Was bringen diese Ausführungen nun für den Geschichtsunterricht, zumal in der Folge auf Seite 5 die vier angestrebten Kompetenzbereiche aufgelistet werden?
„(1) Personale Kompetenz, (2) Soziale Kompetenz, (3) Lern- und Arbeitskompetenz sowie (4) Sprachkompetenz.”
Überfachlich soll damit erreicht werden (S. 8):
„- Die Förderung einer psychisch gesunden und selbstbewussten Schülerschaft;
– die Herausbildung von Fähigkeiten einer leistungsbereiten jungen Generation;
– die Entwicklung einer positiven Haltung gegenüber Lernen und die effektive Nutzung elaborierter Lernstrategien;
– die Entwicklung individueller und sozialer Verantwortung (Toleranz, Beziehungsfähigkeit, Kooperationsfähigkeit, das Lösen sozialer Probleme u. a.);
– Prävention und Kompensation von Devianz und Gewalt;
– Förderung eines demokratischen Verständnisses und demokratischer Grundwerte.”
Der intellektuelle Höhepunkt des Entwurfs ist das 3. Kapitel „Kompetenzorientierung und Beitrag des Faches zur Bildung” (S. 16-19).

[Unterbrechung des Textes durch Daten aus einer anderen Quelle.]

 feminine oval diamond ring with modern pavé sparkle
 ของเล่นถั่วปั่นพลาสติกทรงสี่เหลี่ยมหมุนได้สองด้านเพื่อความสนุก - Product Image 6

In diesem werden die oberflächlichen Ausführungen zum Geschichtsbewusstsein fortgesetzt, bevor den Schulen auf Seite 18 in einer „kann-Bestimmung” nahegelegt wird, im Rahmen der inhaltlichen Selbststrukturierung und Versorgung mit Fachlehrern vor Ort die Fächer Geschichte, Erdkunde sowie Politik und Wirtschaft als Lernbereich „Gesellschaftskunde” zusammenzufassen.
„Dabei ist darauf zu achten, dass der Anteil der jeweiligen Fächer angemessen berücksichtigt wird.” (S. 18)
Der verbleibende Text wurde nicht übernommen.